Fig. 1. Aerodynamic (lift) force acting on the wing (drawn in section). The air flowing over the top of the wing (route "B") has to travel a longer distance than the one flowing below it (route "A"), so according to Bernoulli's law there is a lower pressure at the top that "sucks in" the wing
From the outside, the folds are subjected to a force from the atmospheric pressure, and from the inside, the force from the pressure of the air flowing out of the lungs. Since the air passing between the folds is in motion, the pressure in it is lower, and this causes the folds to tighten spontaneously. After they are closed, the air stops moving, the pressures balance and the folds return to their original position. This movement will repeat cyclically with a frequency depending on the mass of the folds and their elasticity
Thus, by varying the force that tenses the folds, human can regulate the frequency of closing and opening the air path. These changes in its flow are the "engine" that generates the voice and finally the speech signal. The final effect is influenced by other factors, as shown in Fig. 2.
Fig. 2. Schematic representation of the speech signal generation process.
The cyclically intermittent stream of air adds up with various types of noise, passes through the resonance chambers (analogous to reverberation in a cave or a violin resonance box) and can eventually be recorded by a microphone.
Voice as periodic sound wave
The vast majority of methods of analyzing speech are related to its periodic character. Due to the fact that the air stream is interrupted by the vocal folds, the final signal coming from the mouth and recorded by the microphone is also cyclically repeated (periodic). The microphone converts the instantaneous pressure value into a voltage level that can be easily recorded. In the age of computer technology development, the easiest way is to save the speech signal digitally. The voltage value is converted tens of thousands of times per second (usually 22050 times per second) into a numerical value that the computer saves in memory. It is easy to make a graph from such successive "samples" (Fig. 3). This graph is called an oscillogram.

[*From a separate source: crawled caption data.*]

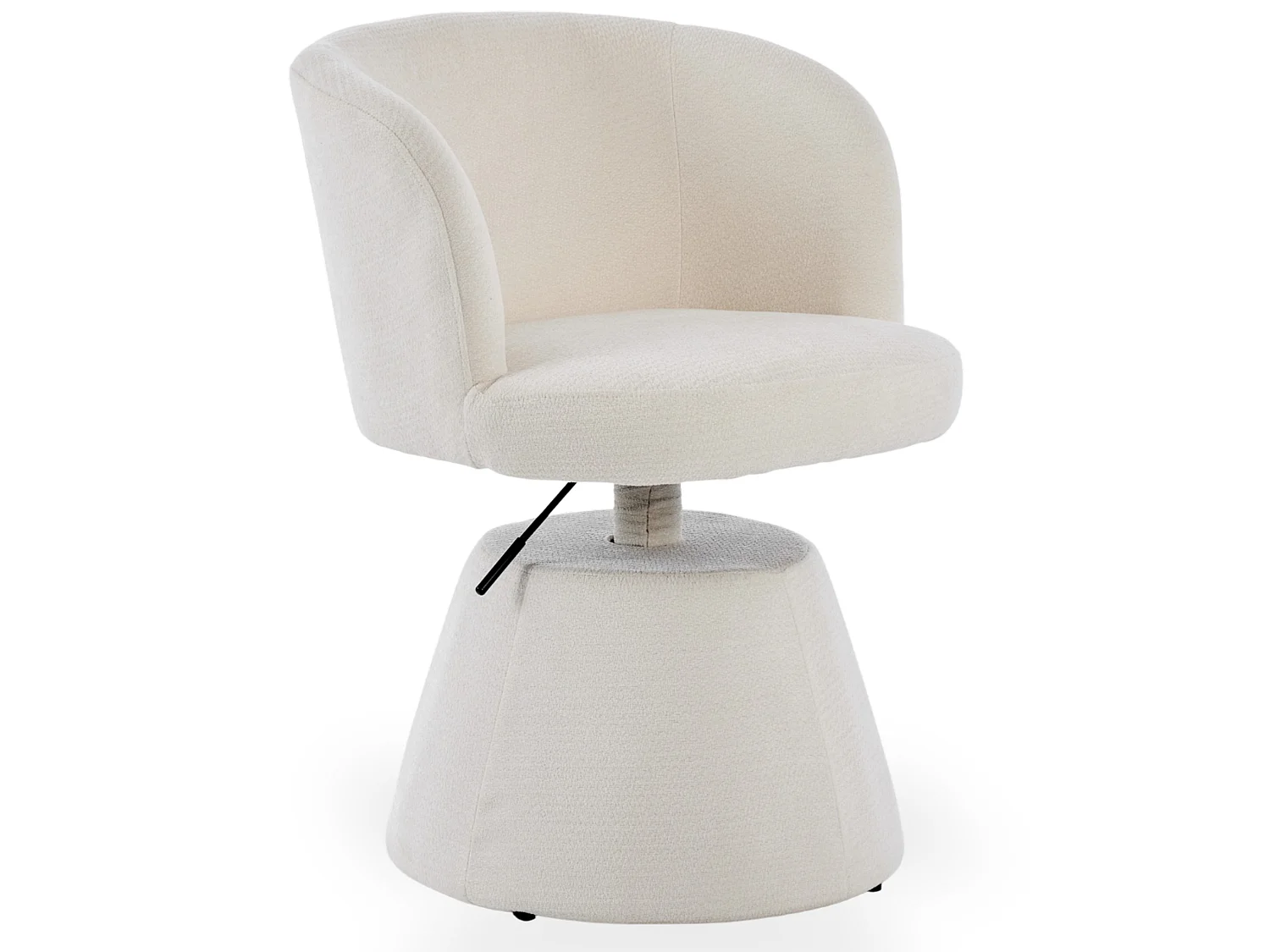 Chaise de coiffeuse réglable en hauteur avec tissu chenille et rotation 360 degrés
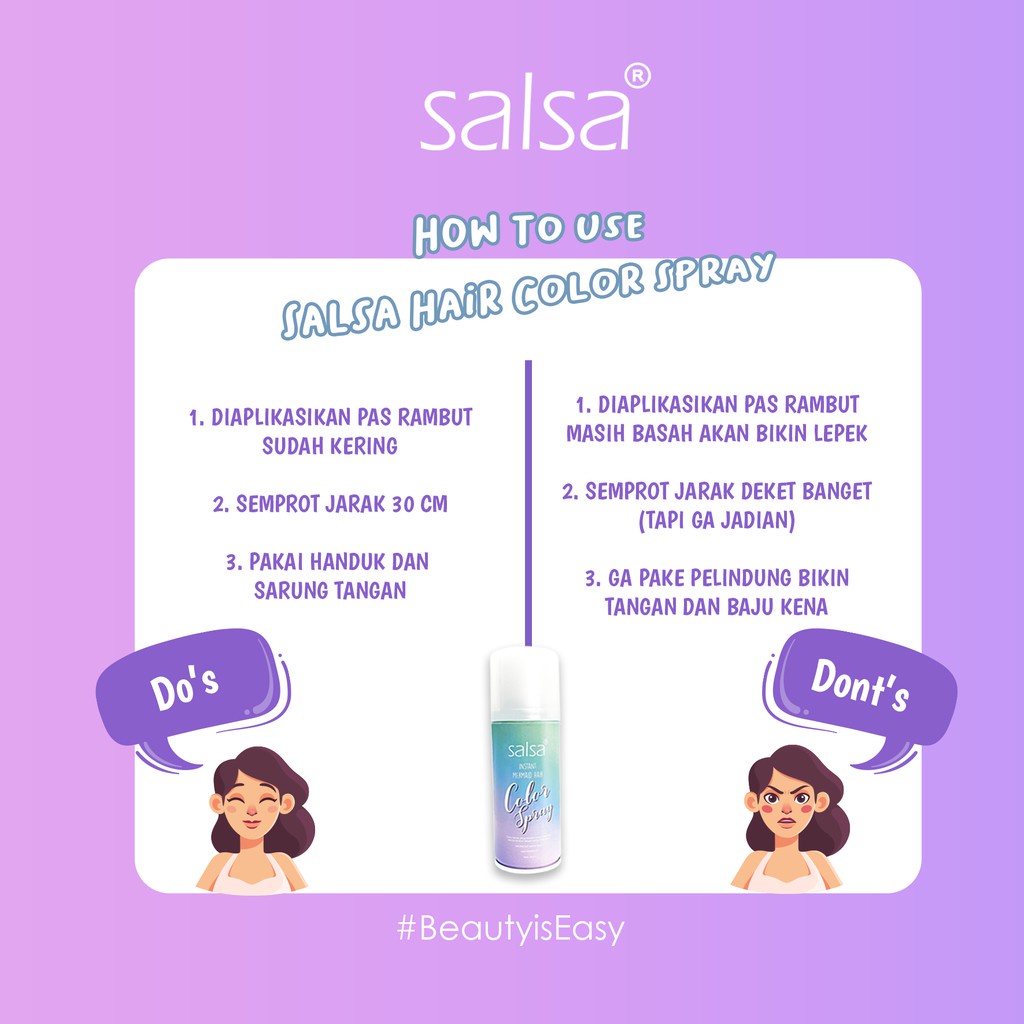 ⭐ BAGUS ⭐ SALSA HAIR COLOR SPRAY | Instant Mermaid Semir Rambut Semprot Original BPOM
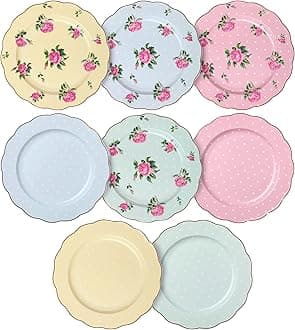 BTaT- Porcelain Floral Plates, Royal Dessert Plates, 8 inch, Set of 8, Appetizer Plates, Floral Plates, Salad Plates, Small Plates, Small Plates Set, Small Dishes, Dinnerware, Salad Plates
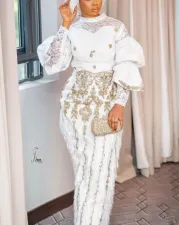 Plus Size Embroidered Long Sleeve Top Two Piece Pants Set GXYY-8273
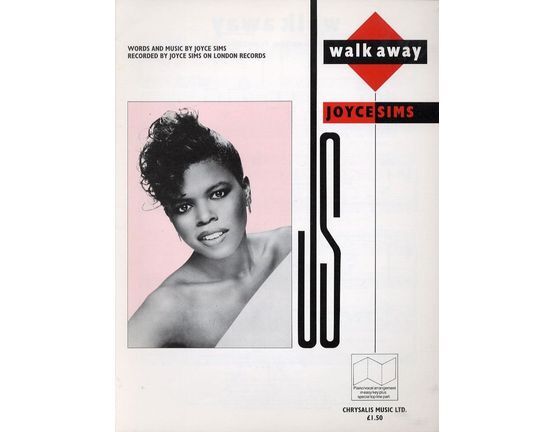 8489 | Walk away - Recorded by Joyce Sims on London Records - For Piano and Voice with Guitar chord symbols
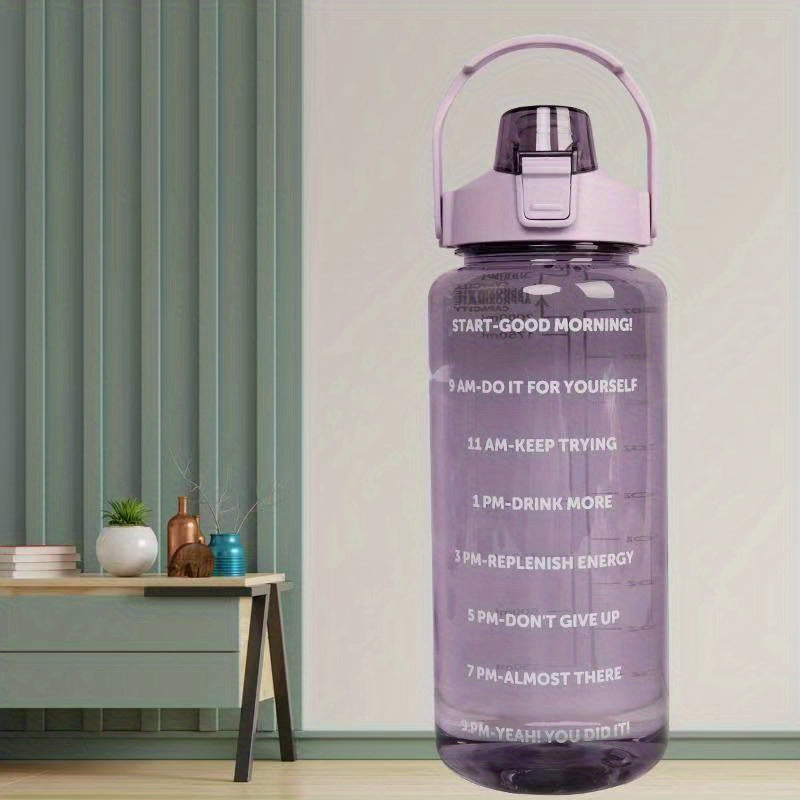 2L Sports Cup Water Bottle With Straw - Large Capacity, Portable & Durable For Outdoor Sports & Fitness!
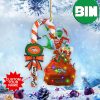 NFL Denver Broncos Custom Name Grinch Candy Cane Custom Shaped Ornament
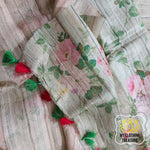 Load image into Gallery viewer, Pure Gheecha Tussar Silk Saree With Digital Floral Print - Pale Mint
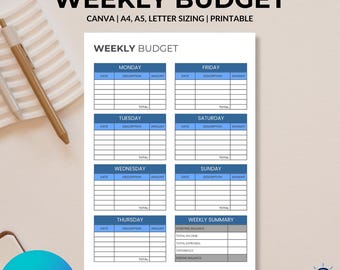 Weekly Budget Expense Tracker Printable Weekly Budget Planner Personal Finance Spending Tracker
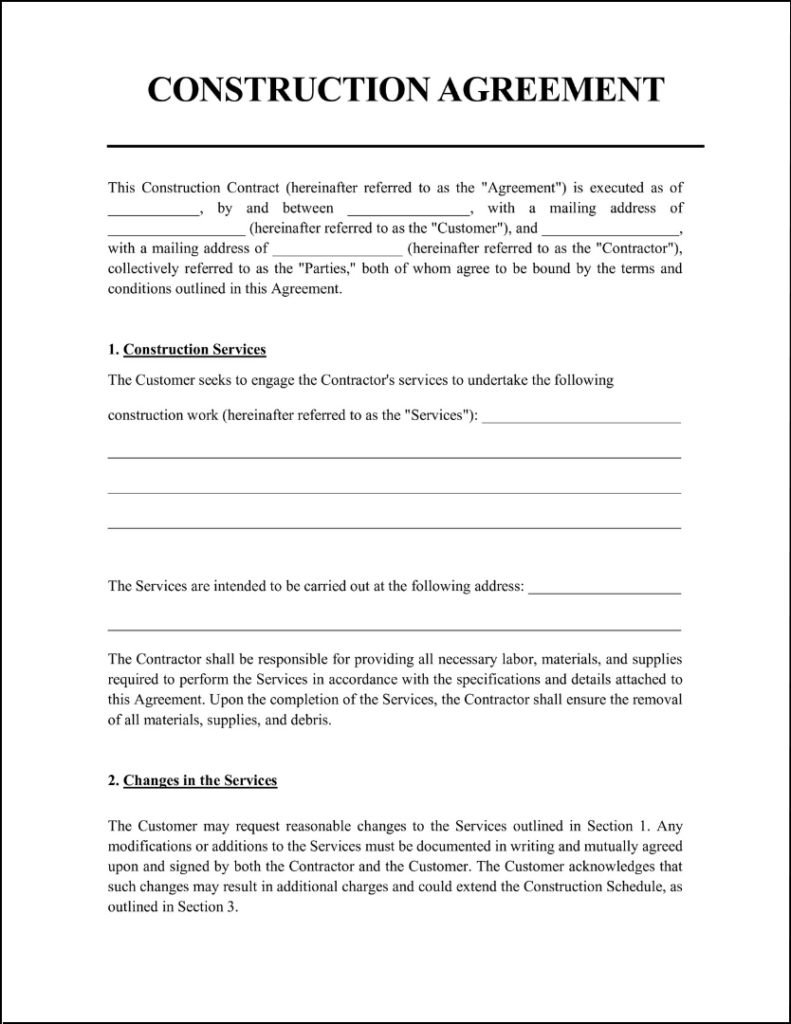 Printable Blank Contractor Agreement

Fig. 3. Speech signal oscillogram: a 1-second fragment at the top, a 20-millisecond part at the bottom, which shows a periodic character
Fundamental frequency
The length of time between consecutive closure of the vocal folds defines the smallest repeating sequence in a speech signal. It is called the base period (T0), and its relation to the oscillogram is shown in Fig. 4.
Fig. 4. Finding the base period on an oscillogram. The characteristic downward peaks in the graph define the moments just before the vocal folds close
However, the baseline period is not the most used term in the field of speech analysis. Usually, its inverse is used - the fundamental frequency:
F0 = 1/T0.
Due to the fact that the speech signal usually consists of a large number of basic periods (several hundred), within the entire analyzed signal, the fundamental frequency defined by the above formula can be determined many times - period by period. The changing value of the fundamental frequency can therefore be represented as a graph. This important graph of the fundamental frequency is called pitch, and is exemplified in Figure 5.
Fig. 5. Fundamental frequency chart
The fundamental frequency can be determined manually - based on the graph - but the correct execution for a large number of fundamental periods is extremely tedious work. Usually, an automatic algorithm is used for this, which is calculated by the computer.